Потом я пришел домой и при свете каганца, потому что в доме, где я жил, электричества не было, написал рассказ "Десятая смерть".
Должен сказать, что год эвакуации был у меня не только заполнен разными делами, так сказать, организационного, общественного порядка, но и творчески насыщен чрезвычайно. За тот год я написал и опубликовал в украинских газетах и журналах, выходивших в Москве и Уфе, а также и в газетах русских тридцать восемь рассказов. Я закончил также повесть, работа над которой оборвалась в день начала войны; действие я довел до дней войны в оккупированной Одессе, название повести дал "Невоеннообязанные". Эта повесть и до сих пор лежит в моем архиве. Кроме того, ко мне дважды приезжали из эвакуированной в Среднюю Азию киевской киностудии (раз Сирота, раз Михайло Коваленко) и уговорили меня взяться за сценарии. Я написал два, оба легли мертвым грузом, хотя и были "приняты и одобрены", — так, впрочем, и ведется в кинематографии, да и, по правде говоря, не до того было киностудии в тех трудных условиях. Ну и, разумеется, я писал много статей и выступлении для разных газет, украинских и русских, а также радиопередач для алма-атинской радиостудии или для украинских передач из Москвы.

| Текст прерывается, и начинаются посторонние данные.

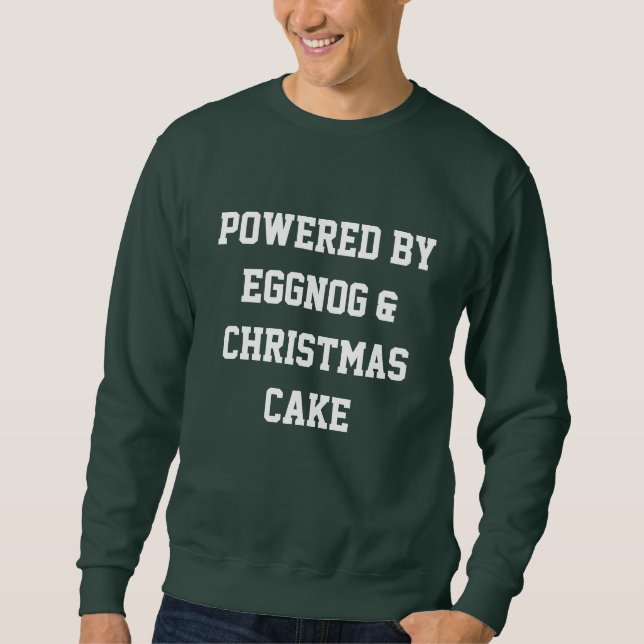 College Powered By Eggnog Christmas Men’s Sweater (Front)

Но особенно дорога была мне постоянная переписка с товарищами-писателями, находившимися в армии на фронте И не могу забыть, как я был взволнован, когда двумя годами позднее — на пленуме Союза, происходившем в только что освобожденном Киеве, — Сергей Борзенко — герой боев за Крым — в своем выступлении сказал, что он и другие товарищи не забудут писем, которые писал им на фронт Смолич. Упоминаю об этом не для какого-то "самовосхваления" и не для того, чтоб поставить себе в заслугу новый для меня "эпистолярный" жанр, а только для того, чтоб сказать еще раз: в годы войны люди тянулись друг к другу и становились друзьями.